# Off Bike > Ranger's Talk Corner & Off-Topic >  Vorratsdatenspeicherung

## georg

Hallo,
es wird Zeit:  www.verfassungsklage.at

1.) Onlineformular ausfüllen
2.) Ausdrucken
3.) Unterschreiben
4.) Rein in ein Kuvert and ab zur Post!

Am 18.5 muß es dort sein. Danach ist es zu spät!
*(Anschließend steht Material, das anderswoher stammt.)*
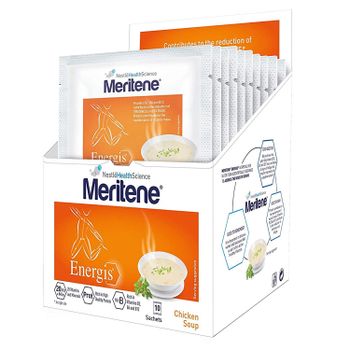 Meritene Energis Soup Chicken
Und wenn man schon dabei ist: www.zeichnemit.at/

 :Austria:

----------


## stephan-

Ach, nun ist es bei euch auch so weit?

----------


## georg

Wir sind schon "weiter" als ihr.. bei uns ist es seit 1.4 umgesetzt und es wird bereits gespeichert. In D wird noch rumüberlegt.

----------


## stephan-

Da bist du falsch informiert. Bei uns wurde die VDS trotz Widerstand der Bevölkerung durchgewunken und lief einige Zeit (Monate, oder war es sogar ein Jahr?). Danach hat ein Gericht entdeckt, dass unsere Regierung - mal wieder - etwas verfassungswidriges erlassen hat. Daraufhin wurde die VDS wieder eingestellt, wobei manche Provider sich daran nicht hielten und weiter gesammelt haben.
Kann aber gut sein, dass sie nun schon wieder zur Debatte steht, das weiß ich nicht.

----------